*Exercise brief*: Leave every picture out, then reproduce the rest of the listing exactly.

*Collected material*:
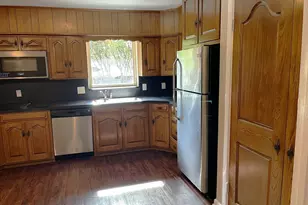 6612 E Mockingbird Ln, Dallas, TX 75214 - Photo 5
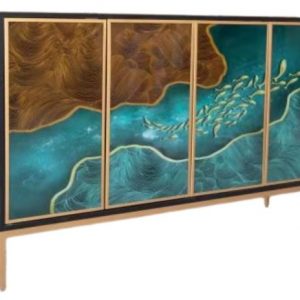 Sideboard #F2288A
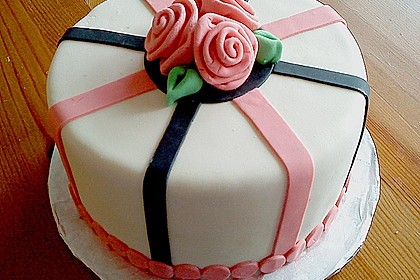 Gelatinefondant 137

*Response*:
 6612 E Mockingbird Ln, Dallas, TX 75214 - Photo 5
 Sideboard #F2288A
 Gelatinefondant 137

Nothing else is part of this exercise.